▶ [Data shown]
-=-=-

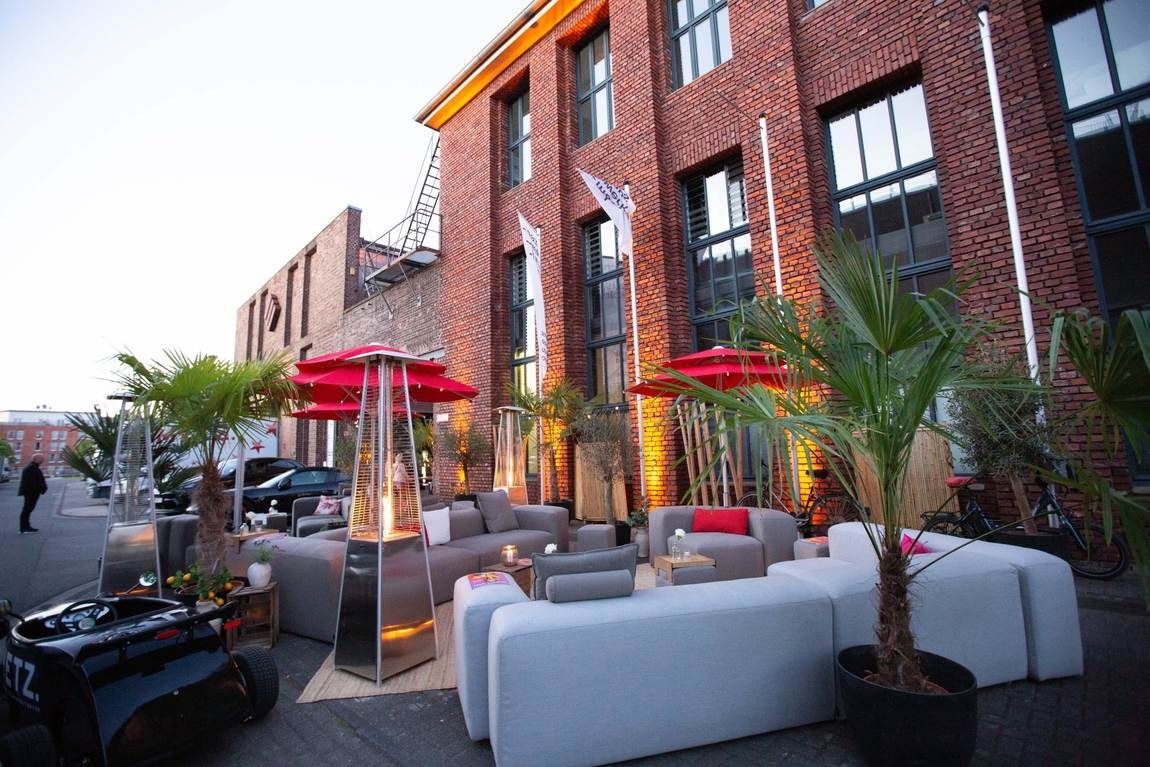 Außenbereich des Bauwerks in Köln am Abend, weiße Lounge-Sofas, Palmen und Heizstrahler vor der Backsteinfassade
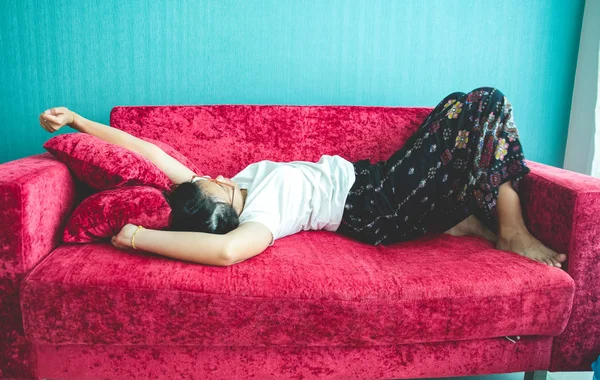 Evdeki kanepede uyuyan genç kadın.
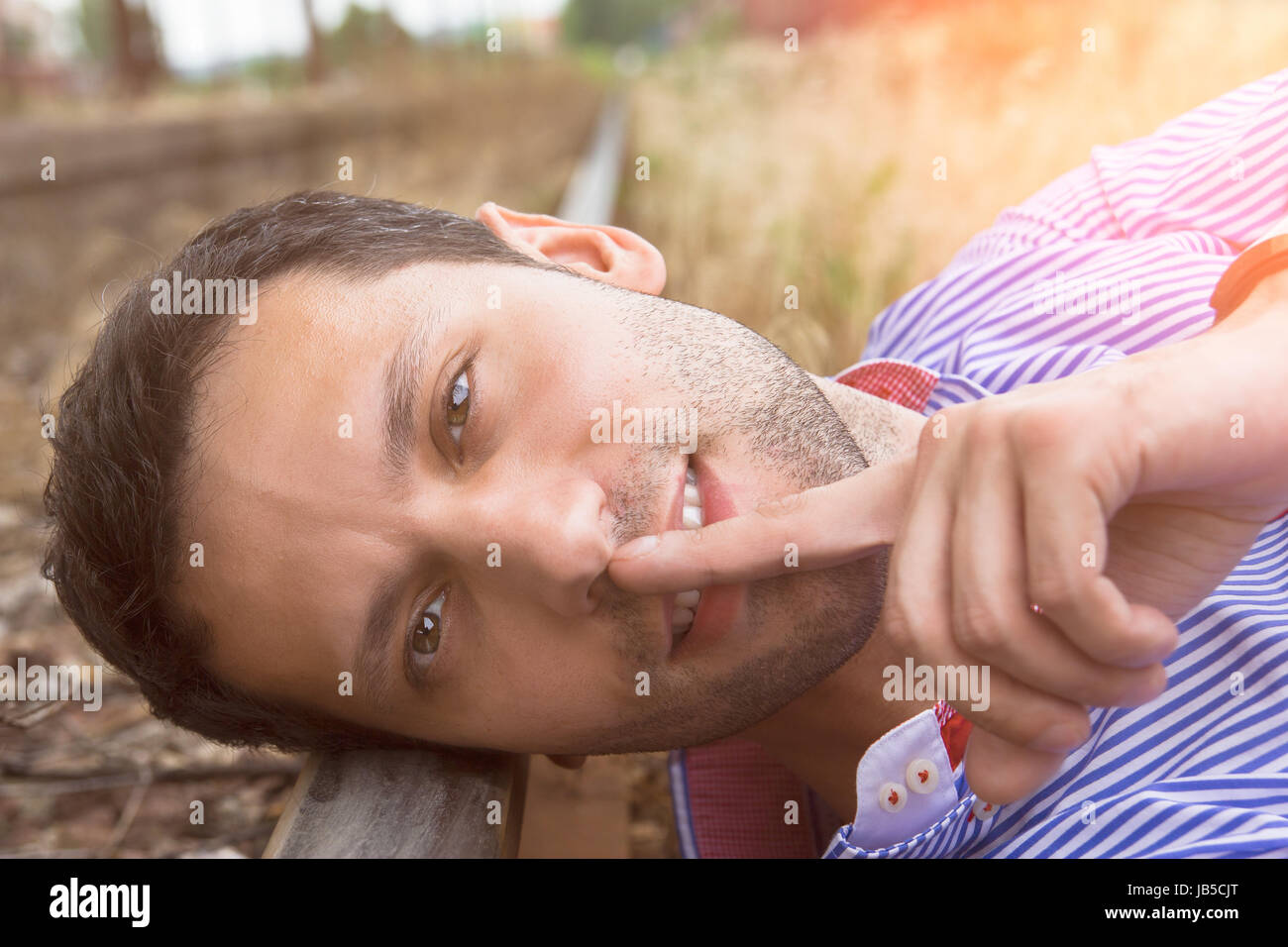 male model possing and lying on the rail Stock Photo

-=-=-

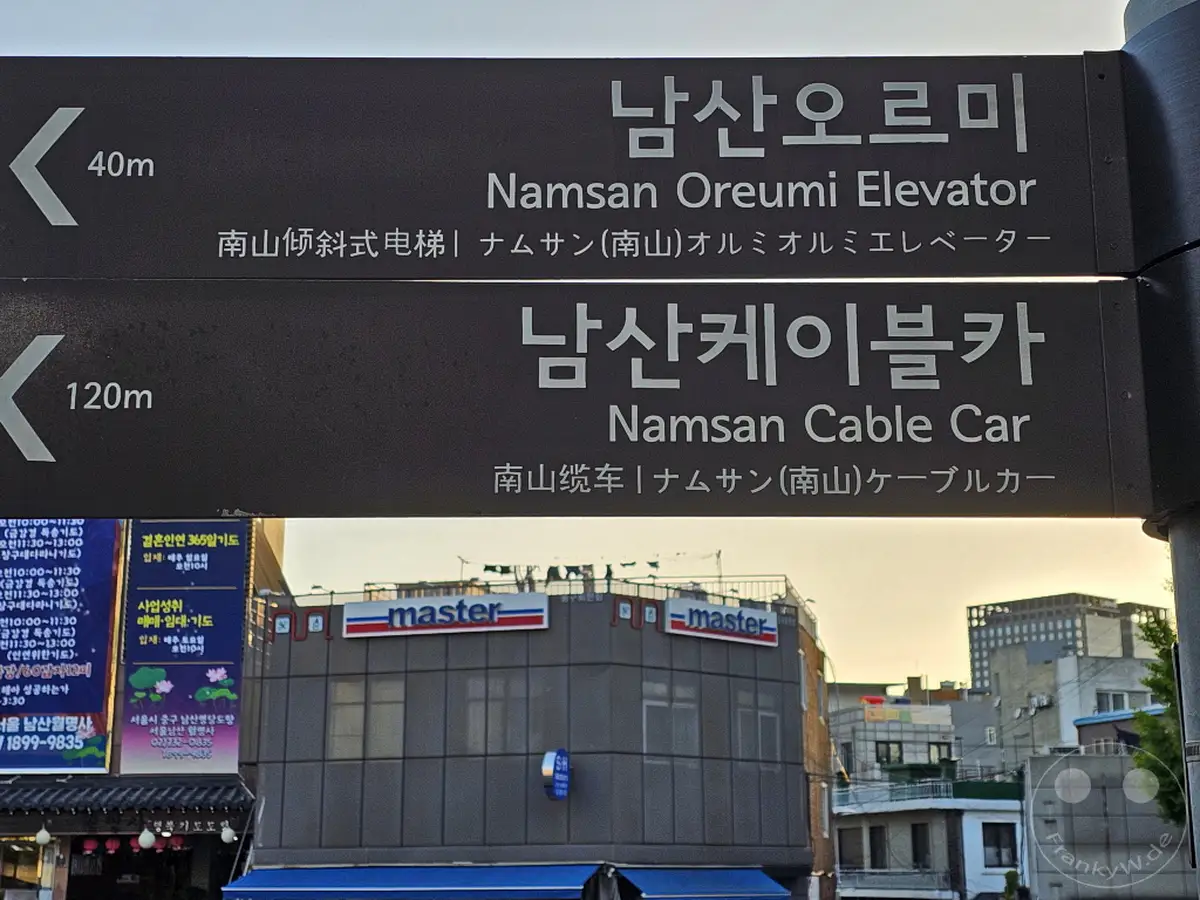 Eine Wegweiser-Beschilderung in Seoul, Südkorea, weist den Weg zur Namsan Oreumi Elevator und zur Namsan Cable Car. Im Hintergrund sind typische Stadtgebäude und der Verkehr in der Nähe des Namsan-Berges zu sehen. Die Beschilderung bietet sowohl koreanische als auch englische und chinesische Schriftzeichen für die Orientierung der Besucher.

-=-=-

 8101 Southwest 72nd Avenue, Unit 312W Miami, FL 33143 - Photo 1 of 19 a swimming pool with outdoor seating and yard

-=-=-

▶ [Problem to work on]
Using the records above, return verbatim only the part that opens with the line containing "Außenbereich des Bauwerks" and closes with the line containing "male model possing"; pictures stay out.

▶ [Answer area]
 Außenbereich des Bauwerks in Köln am Abend, weiße Lounge-Sofas, Palmen und Heizstrahler vor der Backsteinfassade
 Evdeki kanepede uyuyan genç kadın.
 male model possing and lying on the rail Stock Photo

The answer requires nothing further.